Problems with Zebra index

Oliver Goldschmidt

23 Jul 2013 23 Jul '13

9:29 a.m.

Hi Koha community, I am new to Koha and have spent the last week with trying to feed the Zebra index with our bibliographic records. This turned out to be pretty difficult. I have successfully imported our records (about 600.000) to the Koha database. Then I tried to use rebuild_zebra.pl to put the records into the index. This failed due to disk space reasons: I have 100 GB disk space reserved for the Zebra index (mounted on /var/lib/koha) and have split this space in zebra config into 45 GB for the shadow directory and 45 GB for the register directory. This was not sufficient, which I think is a little bit weired, because I think 600.000 records should not take so much space... So, my first question: is that normal? Does Zebra need so much disk space for the index? What are the directories register and shadow exactly for? Next try was indexing with rebuild_zebra_sliced.sh. I used the default value of 10000 for the chunks. First I got an error, I guess because a configuration value was not set properly (the script did not find index_mode; so I set it manually to "dom", which I guessed should be the correct value for indexing marcxml). After fixing that manually, I succeeded to split my export file into 59 10000-record-chunks. I tried to index the first two chunks and that seemed to work without problems for the first chunk (but it finished very fast, which made me wonder if Koha really did something - I just realized, that the marcxml file was not valid - but why didn't I get an error?). For the second chunk, there were two messages (unfortunaltely I cannot recall them). This is the command I used to do that: zebraidx -c /etc/koha/sites/koha/zebra-biblios.cfg -v none,fatal,warn -g marcxml -d biblios update /tmp/rebuild/export/biblio/exported_records_1000001 But now, when I search in the Koha opac for an "e" for example, I still get no results. Though the index seems to be empty, but actually there are files in /var/lib/koha/koha/biblio/shadow. Is there a way to look into the Zebra index directly? I have no idea where to look next. Does anybody have any hint about that? Any help would be appreciated. Best -Oliver -- Oliver Goldschmidt TU Hamburg-Harburg / Universitätsbibliothek / Digitale Dienste Denickestr. 22 21071 Hamburg - Harburg Tel. +49 (0)40 / 428 78 - 32 91 eMail o.goldschmidt@tuhh.de -- GPG/PGP-Schlüssel: http://www.tub.tu-harburg.de/keys/Oliver_Marahrens_pub.asc

Show replies by date

Oliver Goldschmidt

23 Jul 23 Jul

11:12 a.m.

I retried indexing the first chunk after I corrected the XML. So here are the warning messages I got from zebraidx: 10:45:10-23/07 zebraidx(14513) [warn] Couldn't open collection.abs [No such file or directory] 11:11:49-23/07 zebraidx(14513) [warn] Record didn't contain match fields in (bib1,Local-number) The first one appeared when I started indexing, the second appaered when indexing ended.

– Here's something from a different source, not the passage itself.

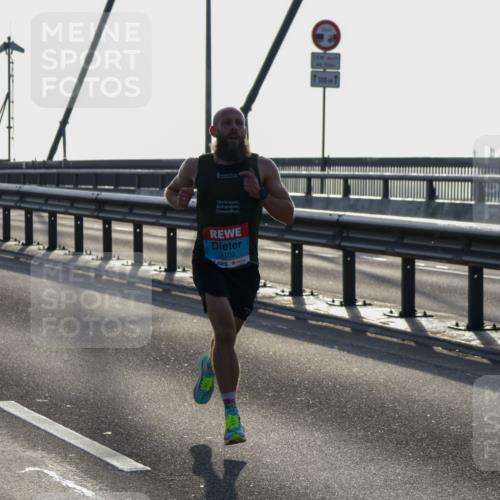 03.10.2026 - Köhlbrandbrückenlauf Yannick Fuchs http://msf.ph/oto/10776175 03.10.2026 09:16:24 Position 1 2100, 300 meine-sportfotos.de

I still do not find anything, when I search in the Koha opac for an "e". Best - Oliver Am 23.07.2013 10:29, schrieb Oliver Goldschmidt:

...

Hi Koha community,

I am new to Koha and have spent the last week with trying to feed the Zebra index with our bibliographic records. This turned out to be pretty difficult. I have successfully imported our records (about 600.000) to the Koha database. Then I tried to use rebuild_zebra.pl to put the records into the index. This failed due to disk space reasons: I have 100 GB disk space reserved for the Zebra index (mounted on /var/lib/koha) and have split this space in zebra config into 45 GB for the shadow directory and 45 GB for the register directory. This was not sufficient, which I think is a little bit weired, because I think 600.000 records should not take so much space... So, my first question: is that normal? Does Zebra need so much disk space for the index? What are the directories register and shadow exactly for?

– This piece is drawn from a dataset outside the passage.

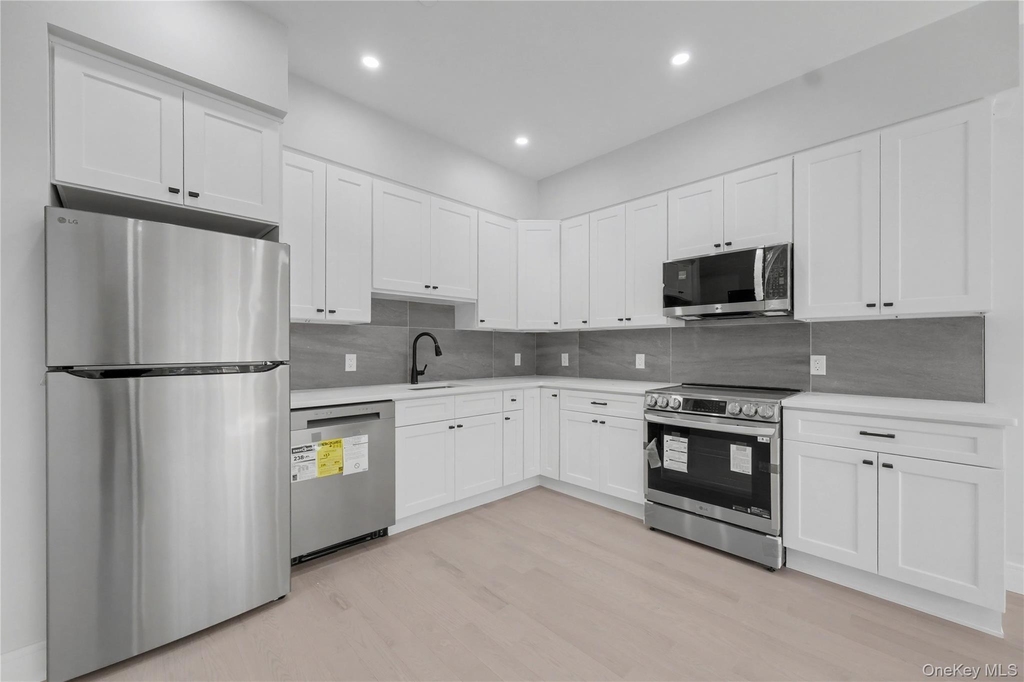 10 Market Street - Photo 5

Next try was indexing with rebuild_zebra_sliced.sh. I used the default value of 10000 for the chunks. First I got an error, I guess because a configuration value was not set properly (the script did not find index_mode; so I set it manually to "dom", which I guessed should be the correct value for indexing marcxml). After fixing that manually, I succeeded to split my export file into 59 10000-record-chunks. I tried to index the first two chunks and that seemed to work without problems for the first chunk (but it finished very fast, which made me wonder if Koha really did something - I just realized, that the marcxml file was not valid - but why didn't I get an error?). For the second chunk, there were two messages (unfortunaltely I cannot recall them). This is the command I used to do that:

zebraidx -c /etc/koha/sites/koha/zebra-biblios.cfg -v none,fatal,warn -g marcxml -d biblios update /tmp/rebuild/export/biblio/exported_records_1000001

But now, when I search in the Koha opac for an "e" for example, I still get no results. Though the index seems to be empty, but actually there are files in /var/lib/koha/koha/biblio/shadow. Is there a way to look into the Zebra index directly? I have no idea where to look next.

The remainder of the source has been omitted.